Installing Surprise is straightforward like any other scikit libraries. You can conveniently install it using pip. In terminal console, run below command.

pip install surprise

If you are using Google colaboratory or Jupyter Notebook, run below code in any cell.

!pip install surprise

After installation, let’s import necessary submodules for this exercise.

from surprise import Dataset
from surprise import BaselineOnly
from surprise.model_selection import cross_validate

Built-in datasets

Surprise provides built-in datasets and tools to create custom data as well. The built-in datasets provided are from MovieLens, a non-commercial movie recommendation system, and Jester, a joke recommender system. Here, let’s use the Jester built-in dataset for demonstration. For more information on Jester dataset, please refer to this page.

Load dataset

The built-in dataset can be loaded using load_builtin() function. Just type in the argument 'jester' into the function.

dataset = Dataset.load_builtin('jester')

If you haven’t downloaded the dataset before, it will ask whether you want to download it. Type in “Y” and press Enter to download.

Data exploration

You don’t need to know the details of the dataset to build a prediction model for now, but let’s briefly see how the data looks like. The raw data can be retrieved using raw_ratings attribute. Let’s print out the first two instances.

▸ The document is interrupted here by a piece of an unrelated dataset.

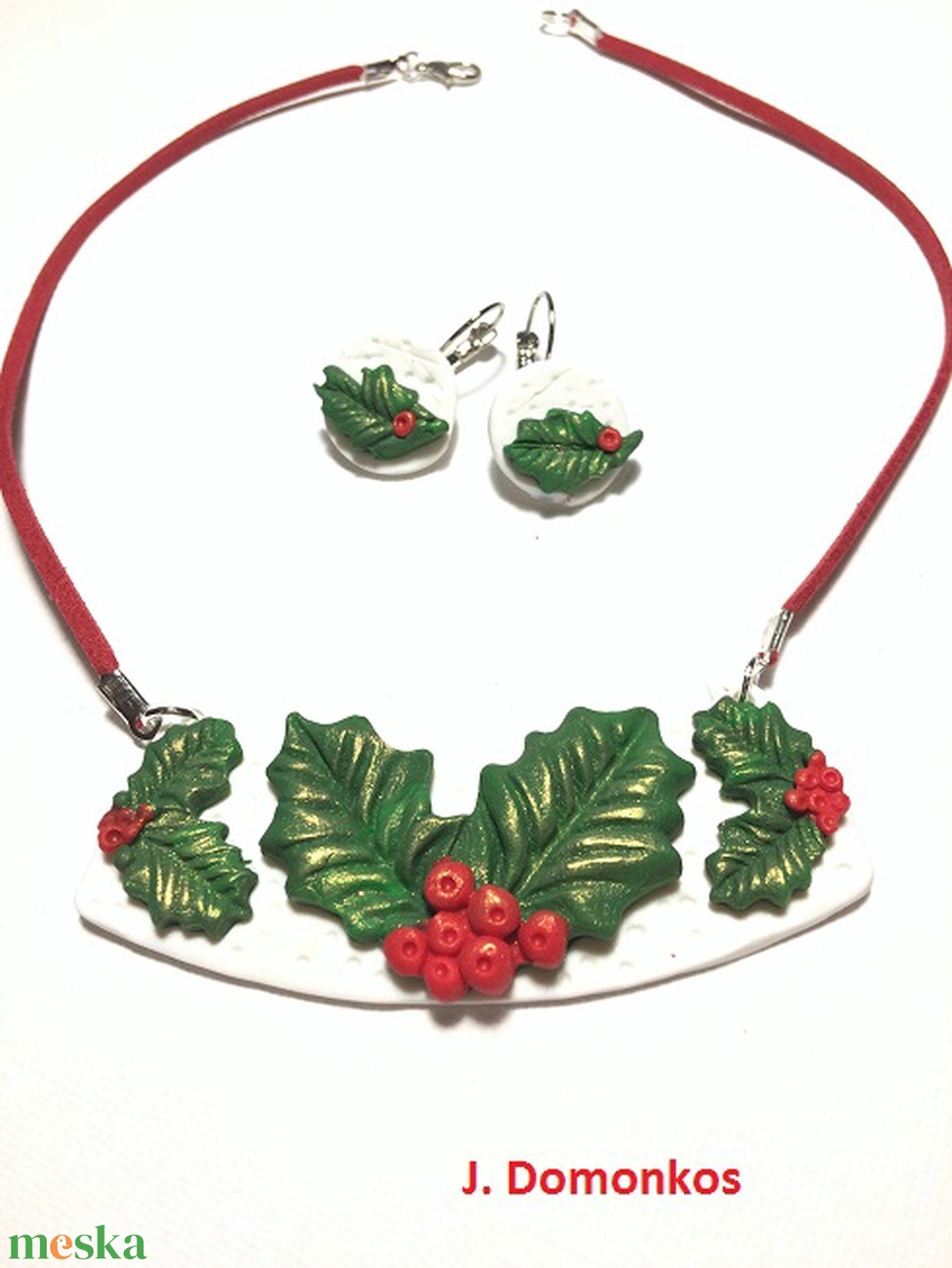 Magyal   ékszerszett - ékszer - ékszerszett - Meska.hu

ratings = dataset.raw_ratings

print(ratings[0])
print(ratings[1])

The first two elements in each instance refer to the user ID and joke ID, respectively. The third element shows ratings and I honestly don’t know about the fourth element (let me know if you do!). Therefore, the first instance shows User #1’s rating information for Joke #5.

('1', '5', 0.219, None)
('1', '7', -9.281, None)

Now let’s see how many users, items, and rating records are in the dataset.

print("Number of rating instances: ", len(ratings))
print("Number of unique users: ", len(set([x[0] for x in ratings])))
print("Number of unique items (jokes): ", len(set([x[1] for x in ratings])))

It seems that 59,132 users left 1,761,439 ratings on 140 jokes. That seems like a lot of ratings for jokes!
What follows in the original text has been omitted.